Here is a story by Maryah Harding written in our fiction writing class. The technique under focus was the use of setting in story. The assignment asked students to put a character in conflict with their surroundings and for that character to respond in an expected way.
Family Values
By Maryah Harding
Light mist sprinkled across Adelaide’s porcelain skin, making it glisten with the icy drops. Her limp, midnight hair clung to her flushed cheeks. The air was heavy around her as she walked down the abandoned road, the soft glow of the flame colored streetlights barely breaking through the harsh gray of the night. Adelaide’s shoes made a gentle thud with each step as she bounded along the street.
“One pill, two pill, red pill, blue pill!” Adelaide sang out loudly, her lyrical voice sifting through the air like a bluebird’s song, the sound of cracking branches acting as a drum beat to her whimsical song. Adelaide removed the bottle of pills from the pocket of her tattered coat and shook them, the rattle of the medication inside matching her angelic voice.
Adelaide stopped in front of the Clarence house. The wind howled through the air and caressed her lightly soaked skin, the light mist turning in a drizzle of frozen kisses. She opened the pill bottle and shook out the multicolored pills, letting them fill her palm. She held them lovingly, like one would hold a fragile bird, frightened and alone. Throwing them into her mouth she swallowed them down, her tongue reaching for the droplets of water as the tightening in her chest began to fade and sweet ecstasy coursed through her small frame. The looming house reached for her with open arms, shifting in the darkness. Adelaide leapt through the dangling fence, the wood slowly rotting away from the abandoned house.
Adelaide’s girlish laughter tinkled through the roaring wind to the rotten front door and broken windows, the glass strewn across the damp floor boards. The branches of the ancient trees scraped against the panes and drew black shadows across the ruined house, raking down the already scratched lumber.
“Mummy, Daddy, Cattie, I’m home!” Adelaide’s voice rang through the empty house, her creaking footsteps echoing through the house. She gave a small twirl as she danced through her home, her fingers tracing the walls softly, like a man traces his lover’s delicate mouth with his rough fingers. Adelaide entered the kitchen, her mother lounging in the antique chair, resting her head against the uneven table. Adelaide skipped to her mother, wrapping her fragile arms around the older woman. Adelaide gently kissed her mother’s crying eyes, the tears streams of red liquid on her wrinkled face. She let go, watching her mother slump back into the position, her dress ripped and dried with dark stains, splashed in intricate designs across her body.

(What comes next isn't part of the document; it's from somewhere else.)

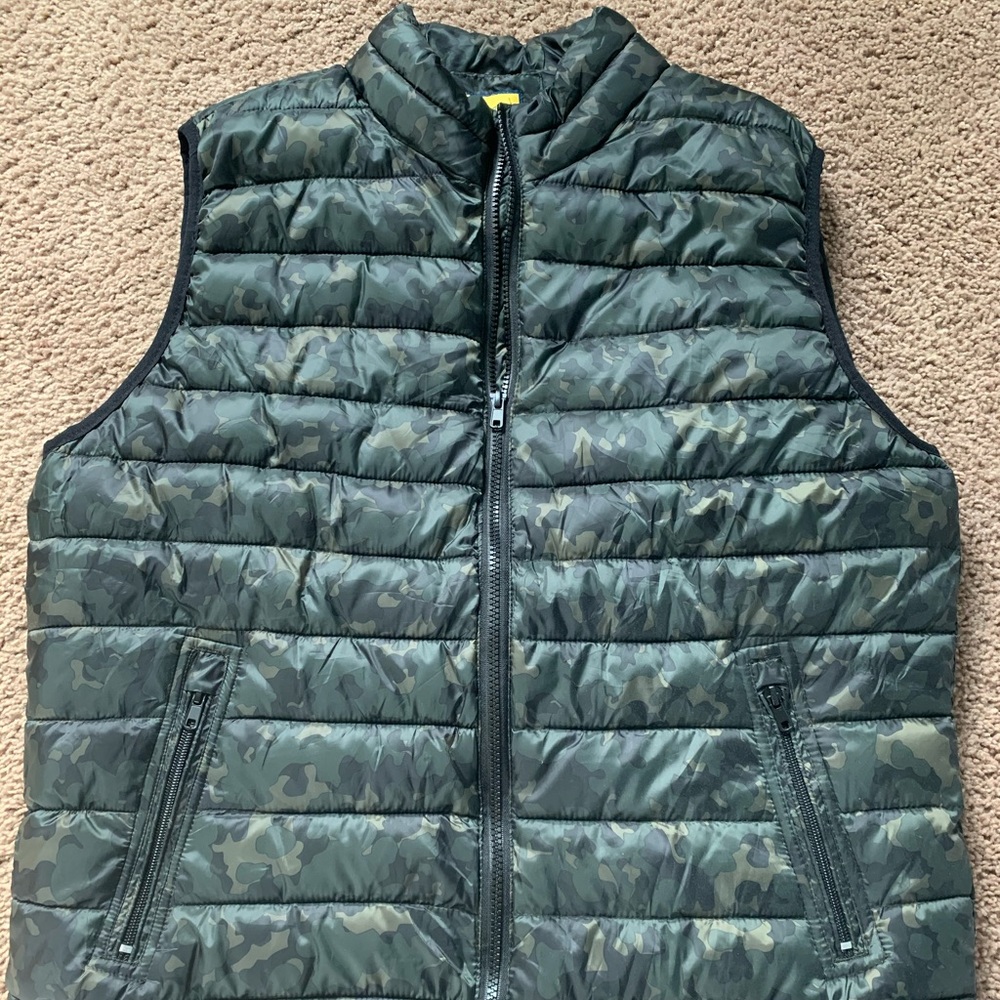 Men’s Aeropostale Camo Vest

Adelaide left her mother to rest in the kitchen, humming one of the nursery rhymes her mother used to sing to her, “Here comes a candle to light you to bed, and here comes a chopper to chop off your head! Chip, chop, chip, chop the last one is dead!” Adelaide giggled softly as she waltzed into the living room, drops of water hitting the floor, leaking onto the moth ridden couch.
“Hi, daddy. I’m home. Guess what I learned today?” Adelaide prattled on as she curled up next to her father on the couch. She leaned over and picked up her father’s ashen head and planted a kiss on his mouth, like little girls always do.
“I learned how to tie my shoes! I did a good job! Teacher said so.” Adelaide returned her father’s head to his lap, his skin sagging against his brittle bones. Her lips a darker shade of wine now as she ran her fingers through her father’s nearly bald head.
Adelaide left her aging father on the couch, making sure his head wouldn’t roll away like it had the tendency to do when she left him for too long. She scurried up the steps to little Cattie’s room, making sure to skip the missing step. Adelaide opened the door covered in ripped pictures drawn by careless hands, the absence of light hiding the content of the pictures from her smoky eyes.
“Cattie, are you sleeping?” Adelaide called out softly into the hushed room, the patter of raindrops hitting the window in a ceaseless pattern. She crept softly into the room, stepping over the decaying stuffed animals, picking up Peter Rabbit Adelaide continued to her sister’s sleeping form. Pulling the covers back slowly as to not disturb her resting form, Adelaide snuggled in next to her. Lovingly she ran her fingers through Cattie’s matted hair, Cattie’s blue lips parted slightly as if about to say something.
As sleep enveloped Adelaide’s girlish limbs, she murmured against her sister’s deathly cold skin, “Don’t be sad anymore, Cattie. Sissy will be able to play with you again tomorrow. And Mummy and Daddy will be there too. I promise.”
Very well written. Great description with characters.